So, we quickly made up time heading east across the Northern Plains to the Upper Peninsula of Michigan. You don’t wanna see people? The UP is one place to do that as it’s pretty sparsely populated and very heavily forested. The few locals we encountered were extremely friendly and helpful. Sasi was excited to be able to pick wild blackberries at our campsite which was just off a snowmobile trail. There was no snow as it was late August and nobody else was crazy enough to drive something other than a snowmobile on this trail. Solitude is great as it gives you the opportunity to observe and listen to the wildlife (the forest kind of wildlife as opposed to the city kind).

The Mackinac Bridge, five miles long connecting the UP to the rest of Michigan

Next significant stop was Niagara Falls which was one of the highlights for Sasi. It was her first visit and she was absolutely overwhelmed as was I even though I’ve visited before. We walked to all the scenic overlooks and did the Maid of the Mist boat tour (worth it). Joe spoke previously of these electric motor driven boats. They are indeed quite quiet; however, the falling water is not. Our campsite in this area was on Lake Ontario and in the evening, we could see the sparkling lights of Toronto across the lake. Unfortunately, we could not visit the Canucks because of crazy COVID-related border rules.

Sunset over Lake Ontario

Off to the wedding in the Boston area. It was nice.

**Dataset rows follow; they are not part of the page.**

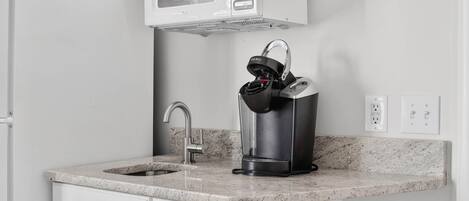 A kitchen with a built-in microwave, a coffee maker, a sink, and a marble countertop.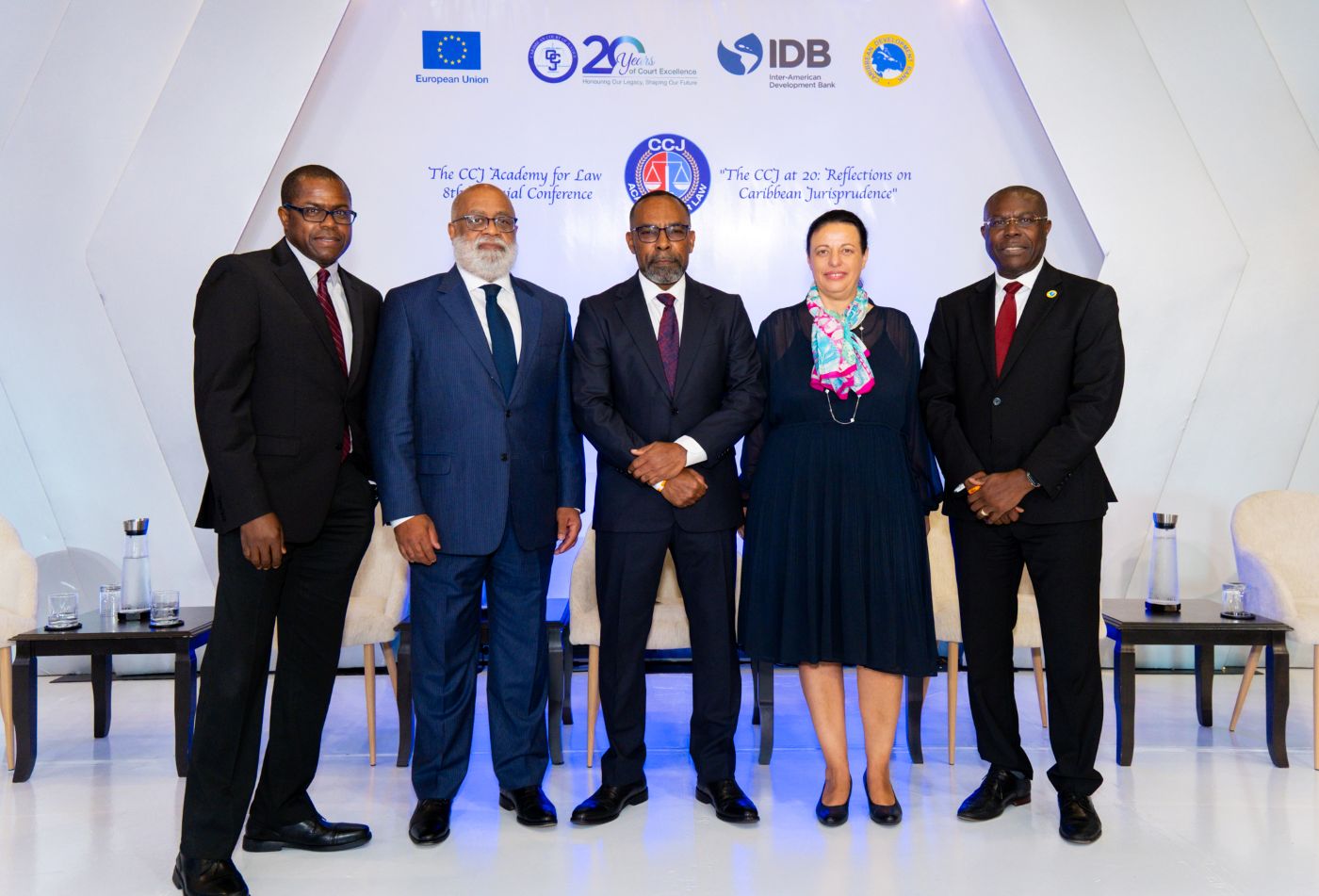 four gentlemen and one lady in dark business suits standing on a stage looking directly at camera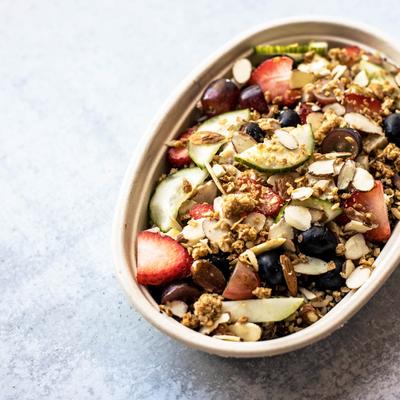 A salad with almonds, cucumbers, strawberries, black olives and quinoa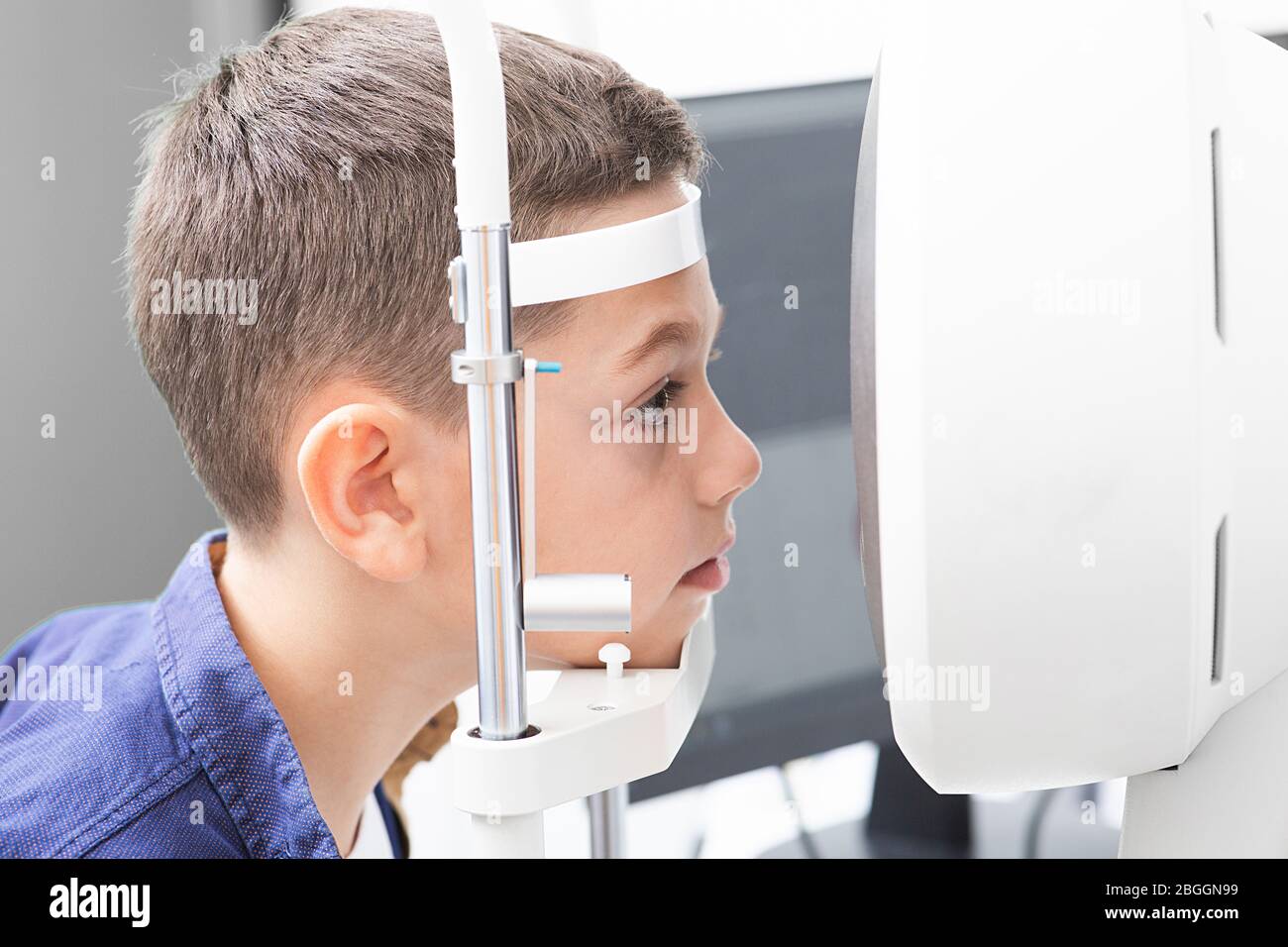Vision correction in a boy. Close-up face of patient boy. Super modern equipment in a modern clinic for eye examination Stock Photo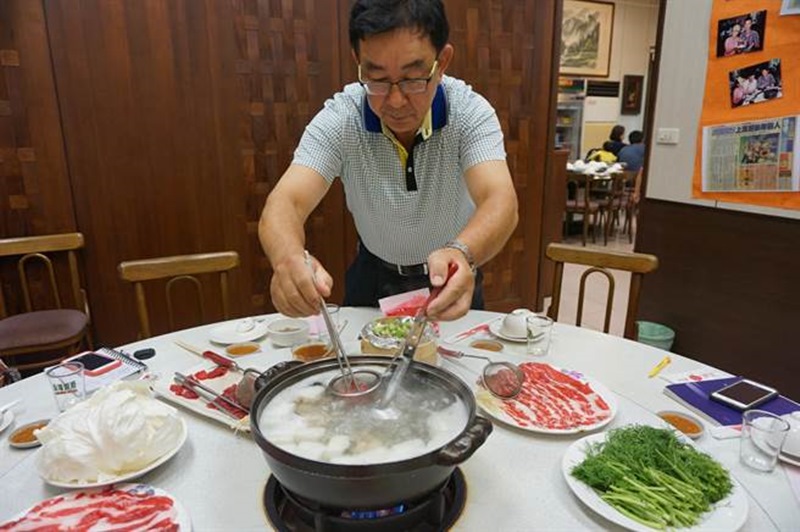張集光示範北京涮羊肉吃法,他將生羊肉放進撈網內,以滾燙熱湯涮成粉紅色,即可入口食用。(王文吉攝)
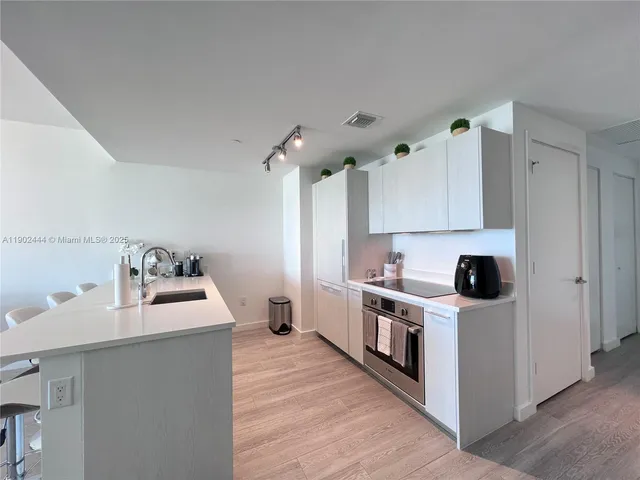 a kitchen with a stove a sink and a refrigerator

The next highpoint of the trip was to eat live Maine lobster in Bar Harbor, Maine. This is a beautiful island and although there were way too many tourists visiting, we managed to get a table in an otherwise deserted restaurant overlooking the water. The lobster has a better, fresher taste in Maine than the so-called live Maine lobster we get in California. The food was amazing and so was the scenery as we drove around the island after lunch.

Sasi’s live Maine lobster, finally!

I wanted to go see the northern parts of Maine because the maps show hardly any roads in that area. Hell, we have a 4×4 so who needs roads, right? “Wrong!” said the boss/copilot/navigator/cook/wife. Never piss off any of those people or you will regret it many times over (I keep learning). So, we headed west into New Hampshire and Vermont and bought copious amounts of locally sourced maple syrup.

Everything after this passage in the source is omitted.